Consistent with Britain’s ideology to want land rather than people, the desire to possess more than to proselytize is reflected in the account that was published at the end of the eighteenth century. In 1797 the first autobiographical account by a Muslim convert to Christianity in England was published. The Muslim was Ishmael Bashaw, a Turk, who had settled in England and fallen into such poverty that he dictated his life story so it could be published and sold: “Printed for the Benefit of I. Bashaw and his Family, and sold by him” (title page). This was the first English text describing a Muslim’s experience in England in the Muslim’s own voice—or at least as close to his own voice and sentiment as was possible.10 Bashaw had been born in Constantinople in 1735, had been married, had been lustful and brutal in his youth—as the English readers expected Muslims to be—had joined a merchant ship that was captured by Spanish pirates, had been imprisoned and had escaped, and then had hidden in the house of the English Consul in Lisbon for three years, after which he fled to England. In London, still dressed in his Turkish clothes and turban, he “met with much abuse from the common people, carters, porters, & c. some of whom pulled me by my whiskers, and others threw me down.”11 He was attacked and robbed, after which he left the metropolis and started wandering from village to village, living on the roads, sleeping on “butchers’ shambles,” 12 sometimes receiving money from church collections that were made for him, and at other times simply enduring abuse and disgrace. He could not speak English and communicated only with those who spoke French or Italian, one of whom was the duke of Buccleugh at Durkeith, in Scotland. The duke preached Christianity to him in French and Latin, whereupon Bashaw was convinced of the truth of Christianity and the falsehood of “Mahometanism” and asked to be baptized. But the duke refused and “advised me to exercise patience.”13 Upon leaving the duke Bashaw met again with thieves who robbed him and “abused me as a Turk.”14 To be a Turk in England or Scotland, he discovered, was to be an object of Christian ridicule, persecution, and violence.

In Richmond, Yorkshire, Bashaw met a woman named Elizabeth Formes, fell in love with her—conversing with her in Spanish—and married her. How a Muslim could marry a Christian without being converted and baptized is not explained, but, strangely, Bashaw, who always described the difficulties he encountered, did not seem to have faced any problem marrying a Christian in church.
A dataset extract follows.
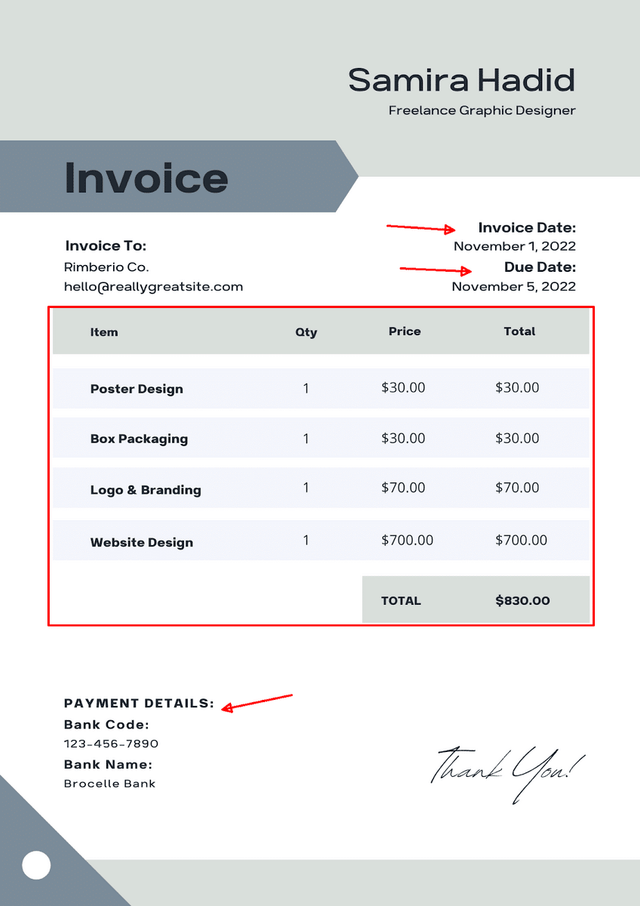 Grey And White Minimalist Freelancer Invoice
The Edinburgh minister who performed the ceremony tried to dissuade the woman from such a marriage, not for religious or theological reasons, but for cultural ones. He alerted her to the different treatment women received in Turkey. Again, it is interesting that no theological argument was presented by the minister against the marriage between a Muslim man and a British Christian woman.

After the marriage the couple wandered from place to place, sometimes eking out a living, at other times, relying on the charity and kindness of people, especially the Quakers. Bashaw meanwhile was pleading to be baptized, but as one minister in Norwich retorted to him: “‘Do you think I will baptize a Turk who cannot say the Lord’s prayer?”15 Christianity, for the minister, was a religion of and for the English. Later in Lynn, Bashaw met with similar refusal: “I applied for Christian baptism, but was refused on account of the trouble of preparing me for it.”16 Six weeks later he met with another refusal. No Briton would accept a turban-wearing, non-English-speaking “Turk” in the Christian fold; Christianity had linguistic, cultural, and national requirements, which Bashaw did not meet.

In his despair, while in the village of Spalding, in Lincolnshire, Bashaw went to a church. The congregation gazed at him in surprise, and when he sat down the sexton approached and “offered to take off my turban, which I refused.”17 Bashaw soon realized that he was in the right place, for the minister was the first to agree to baptize him. And in order for him to learn the “Lord’s prayer, the creed, and the ten commandments,” the minister gave him a “book containing instructions to the Indians”18; Christianizing a Muslim was the same as Christianizing an Indian. As the minister looked at the “Turk,” he could think only of the heathen Indians. And as the Indians had been baptized after reading the book, so would this “infidel.” The fact that Bashaw, as a Muslim, was a monotheist while the Indians were pagans, did not seem to make any difference to the zealous minister.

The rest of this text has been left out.